Dans ce contexte, la répression du pouvoir a encore accentué la colère des manifestants. Ils demandent désormais le départ du président Ortega, dont le mandat doit se terminer en 2021, et de nouvelles élections générales anticipées en mars 2019. Alors que les manifestations se multiplient, le pays était paralysé vendredi 13 juillet par une grève générale, décrétée par l'opposition afin de faire céder le gouvernement.

Qui sont le président Ortega et son épouse ? 
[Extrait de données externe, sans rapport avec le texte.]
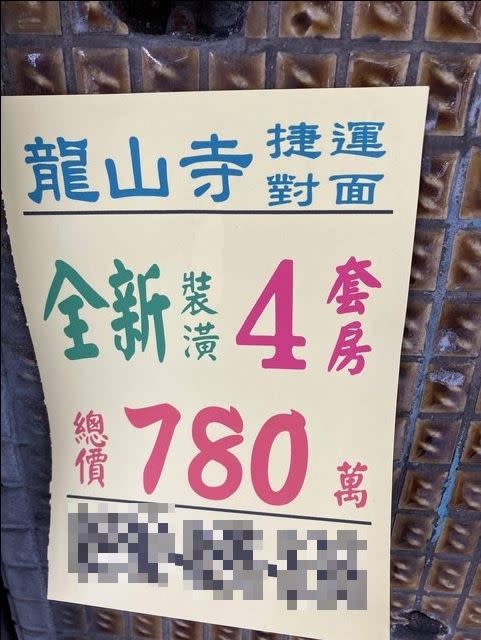 台北市4間套房位於捷運，全新裝潢，只要780萬元。（圖／翻攝自PPT）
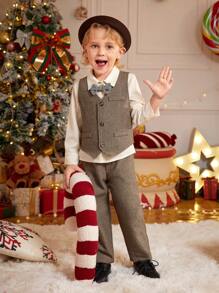 SHEIN Young Boy 3pcs Outfit Set: Herringbone Vest, Long Pants And Long Sleeve Shirt, Gentleman Style - Multicolor - View 3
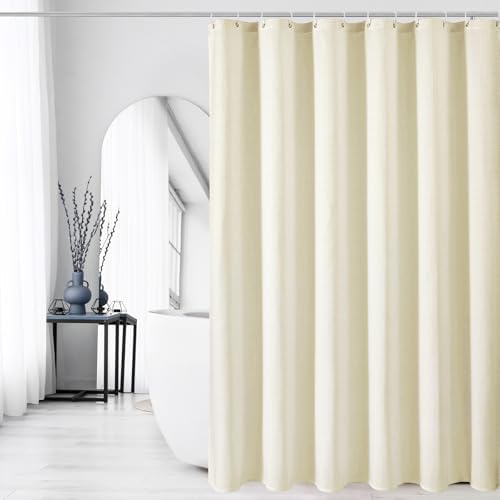 Gibelle Extra Long 230GSM Heavy Duty Ivory Shower Curtain, 72 x 84
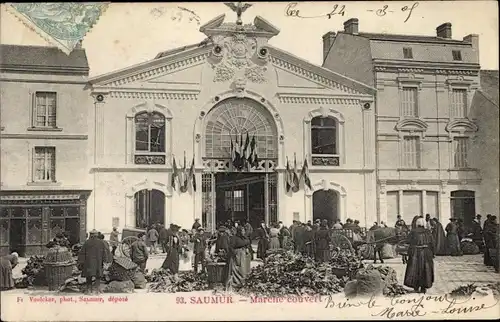 Ak Saumur Maine et Loire, Marché couvert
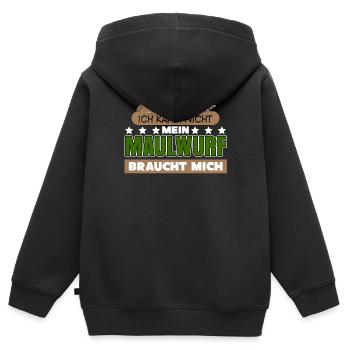 Maulwurf Spruch Mole Maulwürfe - Kinder Premium Organic Zip Hoodie - Schwarz - Hinten - AI Model Kid Male (0cm)
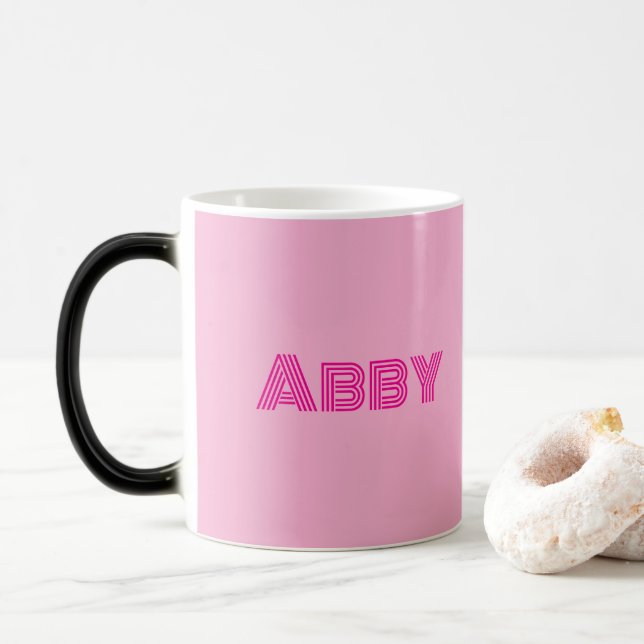 Pink Your Text Morphing Mug (With Donut)
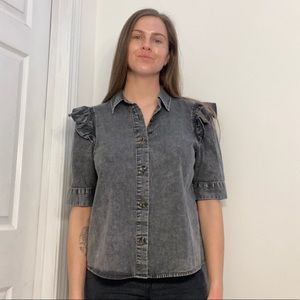 Grey frill blouse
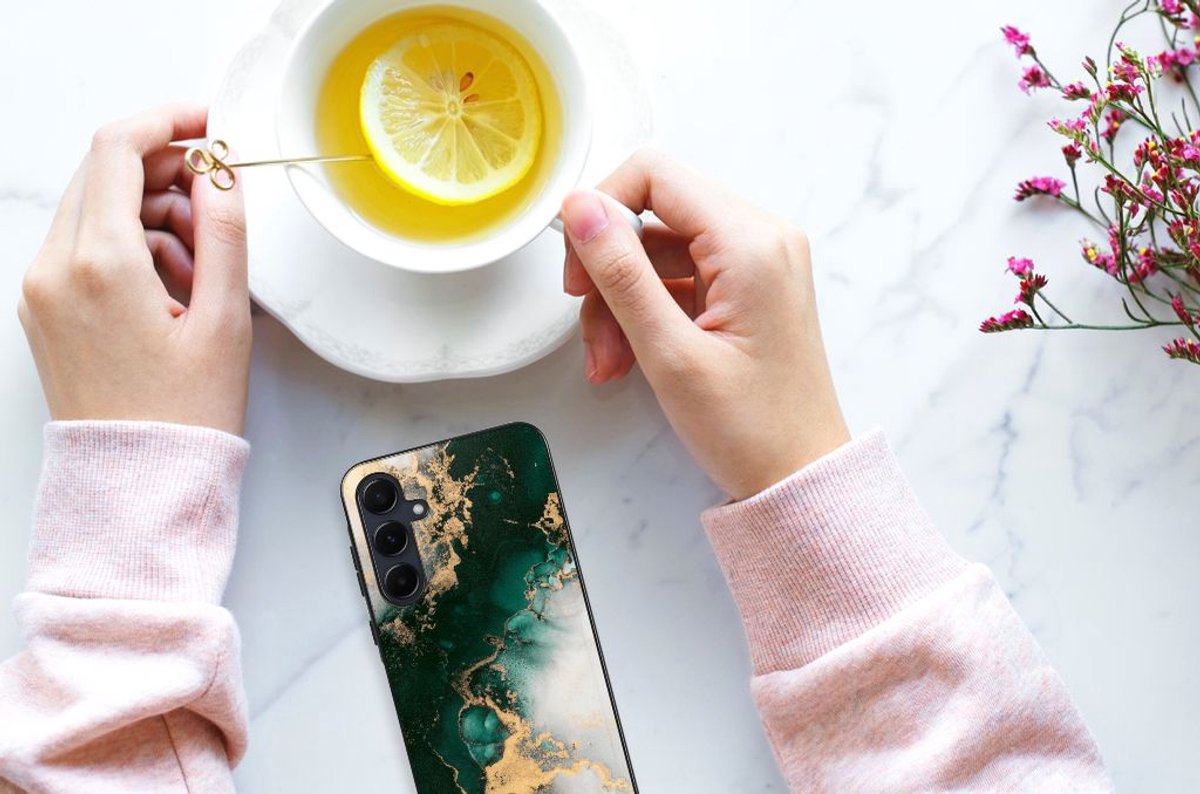 Marmeren Print Telefoonhoesje voor Samsung Galaxy A55 Marmer Groen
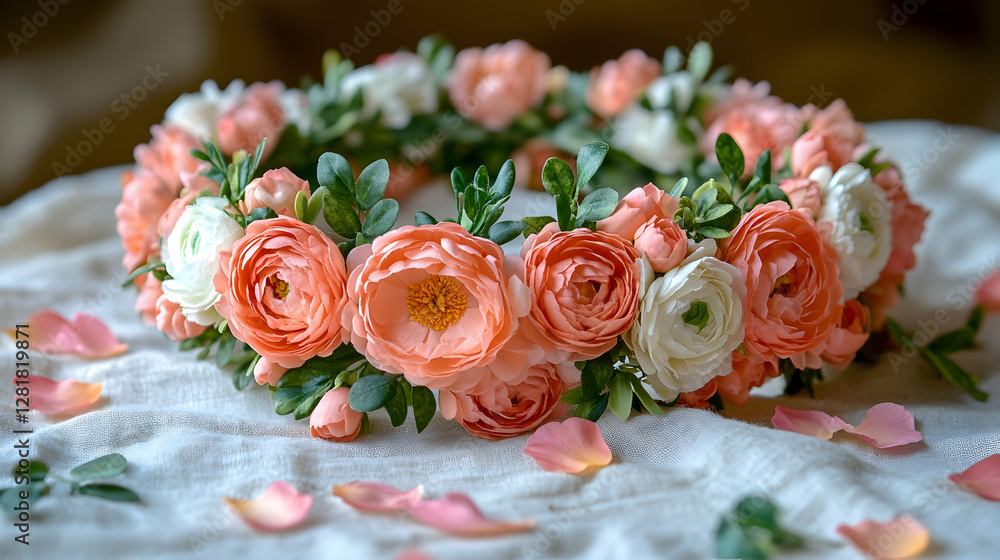 Peach and white flower crown on fabric, petals scattered, wedding decor Peach and white flower crown on fabric, petals scattered, wedding decor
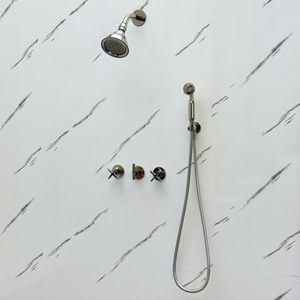 Polished Nickel Round Rain Shower System with Handheld — Short arm (PNCSS-020) — detail view 4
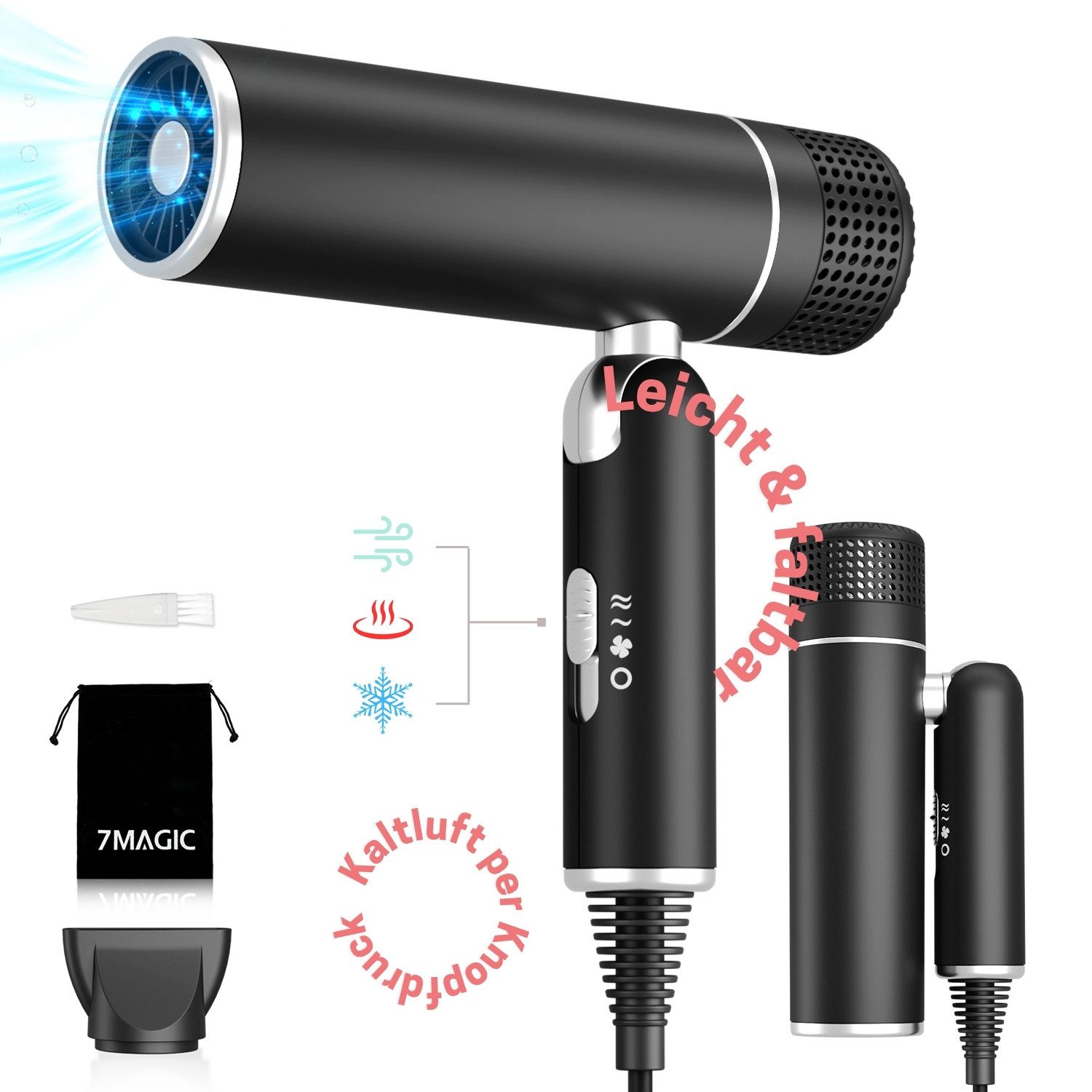 MCURO Reisehaartrockner Leicht faltbar Föhn für Reise und Alltag, 1600,00 W, 3 Temperaturstufen,2 Luftstärken,Kaltluftfunktion, mit Konzentrator oder Diffusor – faltbar, leise & reisefertig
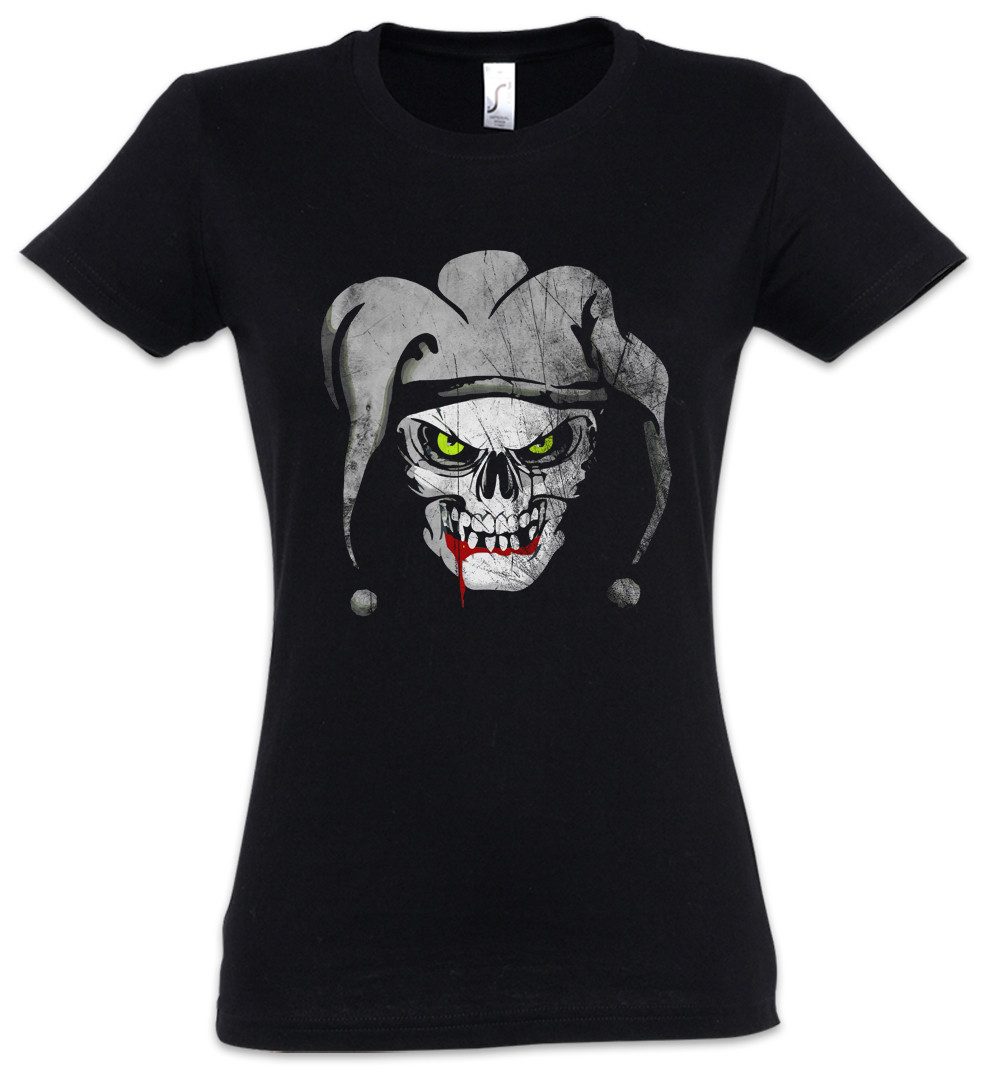 Urban Backwoods Print-Shirt Joker Skull I Damen T-Shirt Schädel Dead Totenschädel Totenkopf Art (1-tlg) Tattoo Rockabilly Skeleton Roses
Daniel Ortega, au pouvoir depuis onze ans, a un long passif politique au Nicaragua. Cet ancien leader du Front sandiniste de libération nationale (FSLN) a contribué au renversement de la dictature mise en place par la famille Somoza. L'ancien guérillero de 72 ans n'a jamais vraiment quitté le pouvoir depuis 1979. Après une pause entre 1990 et 2007, il est réélu en 2011, puis en 2016. Longtemps surnommé "El Comandante", cet homme de gauche ne fait aujourd'hui plus l'unanimité chez ses anciens amis.

Ortega a trahi nos idéaux de pluralisme, de non-réélection, de lutte contre la corruption et l’autoritarisme.

Sergio Ramírez, écrivain et ancien vice-président de Daniel Ortega

dans "Le Monde"

Les manifestants reprochent ainsi le népotisme entretenu par leur président, qui aime diriger le pays en famille : comme le souligne Europe 1, "ses fils gèrent les plus gros chantiers de travaux publics". Il s'est par ailleurs entouré de son épouse Rosario Murillo, vice-présidente depuis 2017.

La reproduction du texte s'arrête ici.